Sep 5, 2021–Mar 27, 2022

The Architecture of Staged Realities

What is the social and cultural impact of Walt Disney’s legacy?
Address
Musempark 25, Rotterdam 3015 CB Map
Hours
Tue–Wed 10 am–5 pm, Thu 10 am–9 pm, Fri–Sun 10 am–5 pm

His characters may be reassuringly unambiguous, yet the man himself was anything but. So what is the social and cultural impact of Walt Disney’s legacy? In this exhibition, on show at Het Nieuwe Instituut from September 2021, curator Saskia van Stein examines the influence of Disney’s films and thinking on today’s built environment and sense of identity.

Walt Disney’s fantasies have grown from temporary distractions on the cinema screen into defining influences on global pop culture. The cartoonist, along with the empire he founded, has won both praise – for his technological innovations and the apparent simplicity and recognisability of his storytelling – and notoriety. The ingenuity with which he seamlessly entwines fairy tales and reality is accompanied by a compelling and one-sided conception of what the resulting wonderful worlds – and their inhabitants – should look like.

Walter Elias Disney (1901–1966) created on- and off-screen fantasy worlds in which viewers and visitors can temporarily escape everyday reality.

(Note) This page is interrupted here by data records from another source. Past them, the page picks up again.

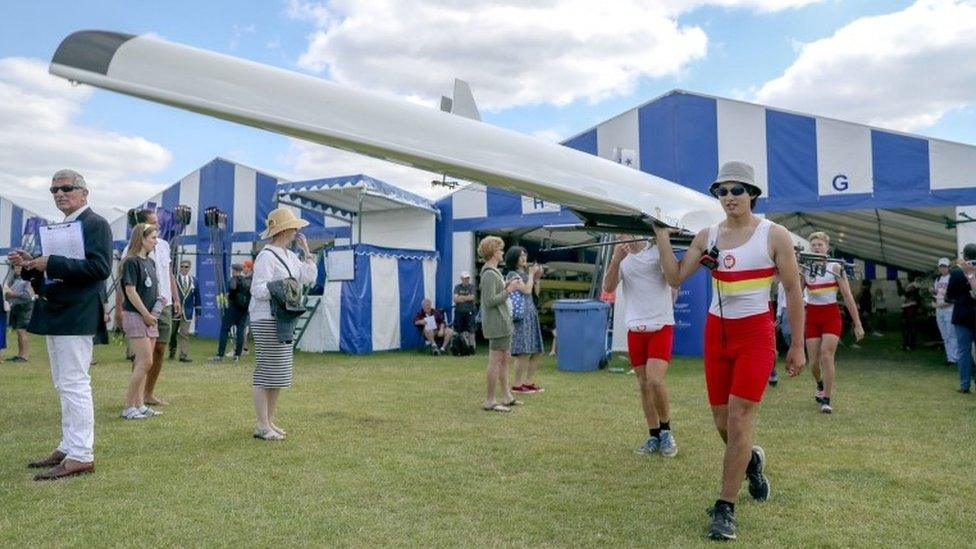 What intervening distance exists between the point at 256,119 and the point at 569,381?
285 inches

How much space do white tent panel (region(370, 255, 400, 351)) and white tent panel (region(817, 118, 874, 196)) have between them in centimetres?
803

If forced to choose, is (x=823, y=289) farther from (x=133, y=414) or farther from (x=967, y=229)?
(x=133, y=414)

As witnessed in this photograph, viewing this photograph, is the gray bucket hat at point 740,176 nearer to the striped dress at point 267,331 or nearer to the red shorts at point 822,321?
the striped dress at point 267,331

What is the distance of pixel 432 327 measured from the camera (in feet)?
46.4

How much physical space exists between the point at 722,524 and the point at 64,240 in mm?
3909

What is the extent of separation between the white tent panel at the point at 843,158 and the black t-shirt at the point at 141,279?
10.4 meters

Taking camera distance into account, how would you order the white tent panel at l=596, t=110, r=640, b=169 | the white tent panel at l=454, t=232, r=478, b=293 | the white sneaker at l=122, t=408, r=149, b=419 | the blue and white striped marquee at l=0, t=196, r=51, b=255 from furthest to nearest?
the blue and white striped marquee at l=0, t=196, r=51, b=255 < the white tent panel at l=454, t=232, r=478, b=293 < the white tent panel at l=596, t=110, r=640, b=169 < the white sneaker at l=122, t=408, r=149, b=419

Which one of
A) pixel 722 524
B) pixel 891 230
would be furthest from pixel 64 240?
pixel 891 230

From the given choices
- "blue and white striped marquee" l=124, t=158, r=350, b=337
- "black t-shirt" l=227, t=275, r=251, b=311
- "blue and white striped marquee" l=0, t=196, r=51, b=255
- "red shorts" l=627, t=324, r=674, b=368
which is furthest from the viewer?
"blue and white striped marquee" l=0, t=196, r=51, b=255

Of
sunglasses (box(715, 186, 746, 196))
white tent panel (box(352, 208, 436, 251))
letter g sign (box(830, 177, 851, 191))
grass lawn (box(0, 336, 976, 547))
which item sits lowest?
grass lawn (box(0, 336, 976, 547))

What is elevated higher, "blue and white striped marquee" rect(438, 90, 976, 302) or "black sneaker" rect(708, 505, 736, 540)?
"blue and white striped marquee" rect(438, 90, 976, 302)

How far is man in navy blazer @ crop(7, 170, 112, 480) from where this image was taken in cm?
415

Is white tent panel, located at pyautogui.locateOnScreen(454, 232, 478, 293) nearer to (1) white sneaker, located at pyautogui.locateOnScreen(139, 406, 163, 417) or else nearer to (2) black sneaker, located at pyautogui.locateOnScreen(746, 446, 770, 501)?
(1) white sneaker, located at pyautogui.locateOnScreen(139, 406, 163, 417)

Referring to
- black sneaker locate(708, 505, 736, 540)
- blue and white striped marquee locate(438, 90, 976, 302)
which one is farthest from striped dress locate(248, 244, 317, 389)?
blue and white striped marquee locate(438, 90, 976, 302) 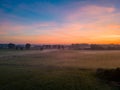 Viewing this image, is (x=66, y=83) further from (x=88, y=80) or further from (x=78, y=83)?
(x=88, y=80)

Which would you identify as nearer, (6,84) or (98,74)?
(6,84)

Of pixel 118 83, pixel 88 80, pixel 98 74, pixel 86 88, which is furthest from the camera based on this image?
pixel 98 74

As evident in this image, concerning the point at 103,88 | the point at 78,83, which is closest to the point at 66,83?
the point at 78,83

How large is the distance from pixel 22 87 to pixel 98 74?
7.96 metres

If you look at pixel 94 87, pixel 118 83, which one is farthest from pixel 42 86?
pixel 118 83

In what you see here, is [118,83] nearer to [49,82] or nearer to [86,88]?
[86,88]

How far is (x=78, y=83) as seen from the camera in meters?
15.8

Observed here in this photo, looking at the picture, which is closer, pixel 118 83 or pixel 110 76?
pixel 118 83

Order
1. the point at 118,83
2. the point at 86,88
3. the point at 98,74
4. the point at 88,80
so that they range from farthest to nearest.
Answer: the point at 98,74
the point at 88,80
the point at 118,83
the point at 86,88

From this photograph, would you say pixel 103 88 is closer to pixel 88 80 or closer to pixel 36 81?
pixel 88 80

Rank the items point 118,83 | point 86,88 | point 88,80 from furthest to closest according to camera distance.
Result: point 88,80
point 118,83
point 86,88

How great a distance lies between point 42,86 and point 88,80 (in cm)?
438

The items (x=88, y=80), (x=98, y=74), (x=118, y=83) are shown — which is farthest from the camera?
(x=98, y=74)

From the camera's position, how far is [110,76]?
17.2 m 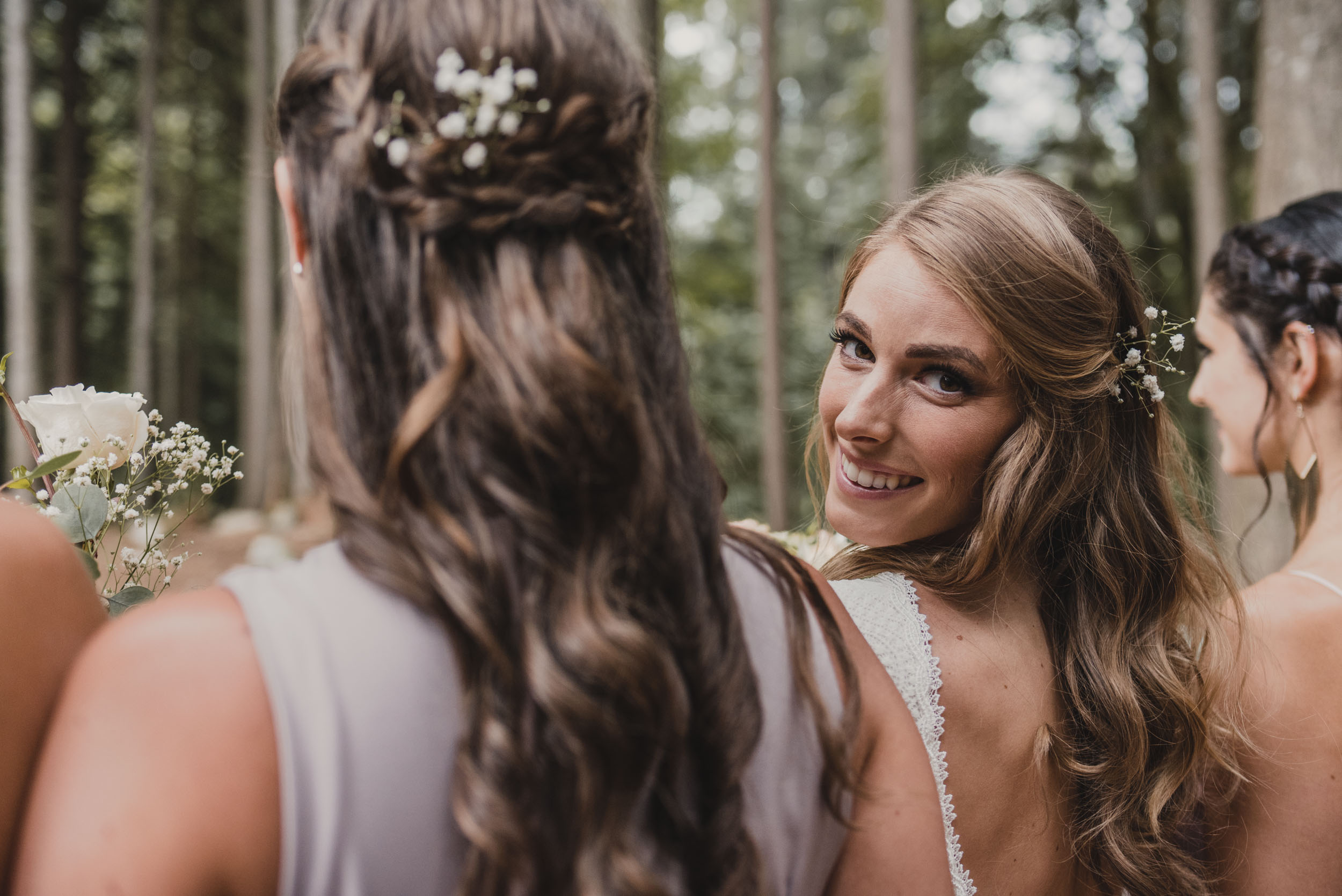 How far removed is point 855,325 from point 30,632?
5.02 feet

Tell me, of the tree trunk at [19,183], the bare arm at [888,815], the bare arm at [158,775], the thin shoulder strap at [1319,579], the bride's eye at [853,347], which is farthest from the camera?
the tree trunk at [19,183]

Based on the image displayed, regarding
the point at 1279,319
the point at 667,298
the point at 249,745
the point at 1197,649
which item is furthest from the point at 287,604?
the point at 1279,319

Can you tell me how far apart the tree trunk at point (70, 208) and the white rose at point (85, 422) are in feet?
41.4

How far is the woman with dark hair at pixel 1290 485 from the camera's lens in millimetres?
2086

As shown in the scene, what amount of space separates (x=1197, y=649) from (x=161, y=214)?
21161 millimetres

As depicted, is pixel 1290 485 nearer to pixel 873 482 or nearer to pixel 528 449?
pixel 873 482

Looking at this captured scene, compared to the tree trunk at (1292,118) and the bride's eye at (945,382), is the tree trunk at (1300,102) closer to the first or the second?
the tree trunk at (1292,118)

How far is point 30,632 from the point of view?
1069 mm

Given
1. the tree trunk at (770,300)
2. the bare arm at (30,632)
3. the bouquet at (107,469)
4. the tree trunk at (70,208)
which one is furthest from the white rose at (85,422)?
the tree trunk at (70,208)

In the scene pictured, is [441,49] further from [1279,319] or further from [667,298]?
[1279,319]

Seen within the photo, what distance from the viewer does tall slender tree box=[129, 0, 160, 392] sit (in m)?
13.4

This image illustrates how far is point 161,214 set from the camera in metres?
19.2

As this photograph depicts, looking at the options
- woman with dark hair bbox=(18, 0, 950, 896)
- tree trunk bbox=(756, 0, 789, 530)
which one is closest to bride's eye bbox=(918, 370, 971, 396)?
woman with dark hair bbox=(18, 0, 950, 896)

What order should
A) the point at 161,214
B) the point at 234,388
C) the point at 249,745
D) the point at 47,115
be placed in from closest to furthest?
the point at 249,745, the point at 47,115, the point at 161,214, the point at 234,388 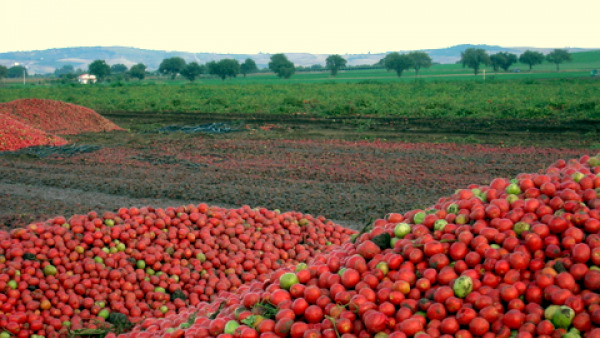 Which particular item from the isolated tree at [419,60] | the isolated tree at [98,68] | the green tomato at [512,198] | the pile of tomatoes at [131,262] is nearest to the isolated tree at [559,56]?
the isolated tree at [419,60]

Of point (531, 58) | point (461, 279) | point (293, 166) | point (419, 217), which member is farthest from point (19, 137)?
point (531, 58)

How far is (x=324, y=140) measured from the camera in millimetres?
20219

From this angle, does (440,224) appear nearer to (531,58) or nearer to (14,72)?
(531,58)

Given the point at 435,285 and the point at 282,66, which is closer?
Answer: the point at 435,285

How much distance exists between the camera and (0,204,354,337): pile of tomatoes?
5.57m

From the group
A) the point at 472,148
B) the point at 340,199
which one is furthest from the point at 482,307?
the point at 472,148

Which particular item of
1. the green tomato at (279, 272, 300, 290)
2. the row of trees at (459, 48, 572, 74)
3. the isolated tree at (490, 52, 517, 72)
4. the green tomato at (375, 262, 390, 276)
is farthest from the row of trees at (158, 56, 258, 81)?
the green tomato at (375, 262, 390, 276)

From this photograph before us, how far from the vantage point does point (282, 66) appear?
96625mm

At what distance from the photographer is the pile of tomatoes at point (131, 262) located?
5566 mm

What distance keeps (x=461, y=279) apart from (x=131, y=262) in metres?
4.01

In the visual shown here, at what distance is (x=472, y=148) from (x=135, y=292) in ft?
45.3

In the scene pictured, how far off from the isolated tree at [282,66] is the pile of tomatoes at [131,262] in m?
89.0

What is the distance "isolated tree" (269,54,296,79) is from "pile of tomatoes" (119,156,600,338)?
302 feet

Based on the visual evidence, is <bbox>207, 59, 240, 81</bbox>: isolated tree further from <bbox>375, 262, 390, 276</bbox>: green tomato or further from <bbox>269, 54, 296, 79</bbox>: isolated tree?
<bbox>375, 262, 390, 276</bbox>: green tomato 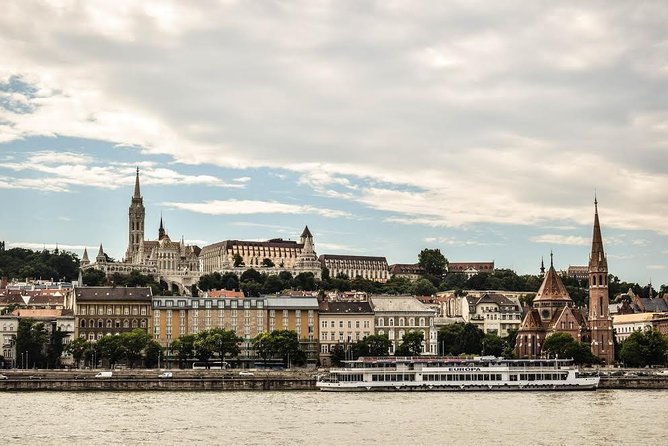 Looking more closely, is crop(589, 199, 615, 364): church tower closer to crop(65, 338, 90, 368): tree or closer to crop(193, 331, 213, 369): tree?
crop(193, 331, 213, 369): tree

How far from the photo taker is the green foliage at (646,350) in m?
113

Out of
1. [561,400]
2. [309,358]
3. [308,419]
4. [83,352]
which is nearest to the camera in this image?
[308,419]

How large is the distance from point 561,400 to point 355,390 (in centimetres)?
1661

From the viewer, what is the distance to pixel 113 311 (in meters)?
123

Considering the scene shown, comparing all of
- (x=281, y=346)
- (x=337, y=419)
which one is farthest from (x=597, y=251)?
(x=337, y=419)

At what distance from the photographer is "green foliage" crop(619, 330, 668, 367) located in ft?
370

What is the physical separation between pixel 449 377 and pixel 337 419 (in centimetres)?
2804

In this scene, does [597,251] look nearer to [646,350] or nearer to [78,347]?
[646,350]

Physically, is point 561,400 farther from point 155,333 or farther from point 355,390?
point 155,333

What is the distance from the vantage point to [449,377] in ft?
293

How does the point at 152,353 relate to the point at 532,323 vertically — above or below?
below

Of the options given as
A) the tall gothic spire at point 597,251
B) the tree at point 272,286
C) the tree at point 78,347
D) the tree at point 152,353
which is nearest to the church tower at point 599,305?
the tall gothic spire at point 597,251

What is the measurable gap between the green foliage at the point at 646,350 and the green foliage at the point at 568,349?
346 cm

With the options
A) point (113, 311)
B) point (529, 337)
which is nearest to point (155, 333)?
point (113, 311) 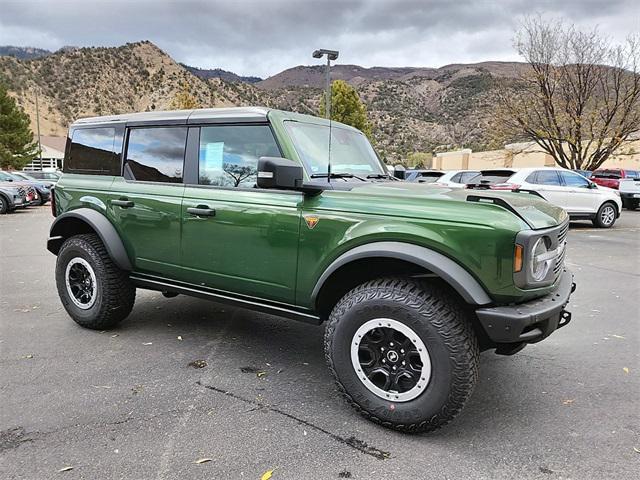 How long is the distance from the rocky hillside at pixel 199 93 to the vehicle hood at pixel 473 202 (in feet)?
203

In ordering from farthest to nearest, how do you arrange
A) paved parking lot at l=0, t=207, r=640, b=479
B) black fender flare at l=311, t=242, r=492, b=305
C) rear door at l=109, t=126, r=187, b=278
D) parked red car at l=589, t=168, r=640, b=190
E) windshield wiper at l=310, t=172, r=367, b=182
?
parked red car at l=589, t=168, r=640, b=190 → rear door at l=109, t=126, r=187, b=278 → windshield wiper at l=310, t=172, r=367, b=182 → black fender flare at l=311, t=242, r=492, b=305 → paved parking lot at l=0, t=207, r=640, b=479

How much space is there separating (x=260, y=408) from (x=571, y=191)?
1284 centimetres

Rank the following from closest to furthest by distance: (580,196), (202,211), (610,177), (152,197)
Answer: (202,211), (152,197), (580,196), (610,177)

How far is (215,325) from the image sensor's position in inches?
188

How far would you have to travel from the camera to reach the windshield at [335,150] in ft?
11.6

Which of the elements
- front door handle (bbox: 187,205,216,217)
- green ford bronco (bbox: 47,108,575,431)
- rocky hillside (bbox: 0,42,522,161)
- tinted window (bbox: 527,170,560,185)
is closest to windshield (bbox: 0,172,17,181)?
green ford bronco (bbox: 47,108,575,431)

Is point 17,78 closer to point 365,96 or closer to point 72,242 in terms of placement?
point 365,96

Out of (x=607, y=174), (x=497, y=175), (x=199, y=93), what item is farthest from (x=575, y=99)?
(x=199, y=93)

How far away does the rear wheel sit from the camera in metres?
13.5

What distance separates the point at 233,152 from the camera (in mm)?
3715

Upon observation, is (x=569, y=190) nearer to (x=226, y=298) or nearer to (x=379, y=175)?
(x=379, y=175)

His “wonderful world” had a modest beginning in the 1930s with cartoons and animated shorts but, with the creation of full-length films, theme parks, resorts and cruise vacations, it mushroomed into a global media empire over the following decades. The staging of an alternative reality was not confined to the movies and the Disneyland parks. With every step in the development of the company, the image of Walt, and his Walt Disney Company, has been carefully cultivated and expanded.

That constructed impression – of Disney as a carefree genius, the “father of the middle class”, whose company produces feel-good environments for the whole world – has a downside. With a blend of nostalgia, utopianism, simplification and cuteness, Walt Disney entices his audiences to immerse themselves in a world where reality and fiction merge. Inspired by European literature and architecture, Disney, known as the embodiment and champion of the American Dream, underlies a highly specific and limited type of cultural production. This propagates a largely uniform identity, with the traditional white family at its heart. The animated characters and storylines affirm and reinforce gender roles and racial stereotypes, helping to normalise discrimination and the exclusion of everyone who is “different”. As part of this project, Het Nieuwe Instituut and the curator are actively committed – including by providing work assignments – to making room for voices and perspectives that are insufficiently represented, or deliberately marginalised, in Disney’s oeuvre and legacy.